Finalement, la comparaison entre la solution de RTE et celle du Collectif THT13/30 met en avant la pertinence de l’alternative portée par ce dernier : : une approche globale, évolutive et respectueuse des enjeux environnementaux et sociétaux, à l’image des grands projets d’infrastructures énergétiques alternatives qui émergent en France.

Au niveau des impacts sur l’avifaune, notamment, soulignons l’intervention de François Cavallo de l’association NACICCA, membre de FNE13, qui, à travers les différents comptages réalisés en 2024 et 2025 montre l’extrême richesse de nos territoires :

  • 38.500 oiseaux observés
  • 78 espèces différentes dont 70% protégées

Rien n’a été décidé selon M. Le Préfet

À l’issue de ces longs et parfois vifs échanges, le préfet de région, Georges-François Leclerc, a tenu à rappeler qu’« aucune décision n’est actée pour le moment ». Le dossier reste donc ouvert, et le débat public se poursuit.

Face à l’hypothèse d’une poursuite du projet selon le tracé aérien, le Collectif THT13/30 prévient : « Nous engagerons des recours en cascade si nécessaire. » Clément Lajoux, porte-parole des agriculteurs, a même martelé : « Cette ligne ne verra jamais le jour, on ira jusqu’à la guerre ! »

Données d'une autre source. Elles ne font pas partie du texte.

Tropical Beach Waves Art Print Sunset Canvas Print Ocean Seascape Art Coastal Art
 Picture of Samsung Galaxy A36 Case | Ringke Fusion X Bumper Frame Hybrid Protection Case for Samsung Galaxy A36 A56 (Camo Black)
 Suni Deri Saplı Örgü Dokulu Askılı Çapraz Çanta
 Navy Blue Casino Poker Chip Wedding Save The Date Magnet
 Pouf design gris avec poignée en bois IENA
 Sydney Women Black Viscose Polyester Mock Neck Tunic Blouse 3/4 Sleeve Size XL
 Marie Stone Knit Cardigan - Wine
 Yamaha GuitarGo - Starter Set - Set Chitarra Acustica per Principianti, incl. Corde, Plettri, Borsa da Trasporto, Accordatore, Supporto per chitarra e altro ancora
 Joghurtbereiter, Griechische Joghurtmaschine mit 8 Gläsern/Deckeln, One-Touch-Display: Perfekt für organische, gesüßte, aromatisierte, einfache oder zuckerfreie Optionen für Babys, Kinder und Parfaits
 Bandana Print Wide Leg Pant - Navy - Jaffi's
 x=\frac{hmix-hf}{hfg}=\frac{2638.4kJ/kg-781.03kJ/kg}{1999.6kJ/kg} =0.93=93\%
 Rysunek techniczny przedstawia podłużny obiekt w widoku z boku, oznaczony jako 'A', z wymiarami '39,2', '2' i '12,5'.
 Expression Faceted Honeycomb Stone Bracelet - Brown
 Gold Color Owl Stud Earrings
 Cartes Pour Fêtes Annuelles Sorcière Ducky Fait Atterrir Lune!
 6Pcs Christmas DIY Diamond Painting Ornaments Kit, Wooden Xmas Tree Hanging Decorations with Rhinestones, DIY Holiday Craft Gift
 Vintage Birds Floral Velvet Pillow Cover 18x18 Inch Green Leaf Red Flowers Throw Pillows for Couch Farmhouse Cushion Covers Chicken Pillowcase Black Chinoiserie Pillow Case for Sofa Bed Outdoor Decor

Alors que la transition énergétique ne peut s’accomplir au détriment des territoires et de leurs habitants, la solution combinant enfouissement et liaison sous-marine émerge comme un compromis réaliste et respectueux de l’environnement1. Reste à savoir si RTE et l’État sauront entendre cette voix médiane, afin d’éviter l’envenimement d’un conflit déjà très tendu.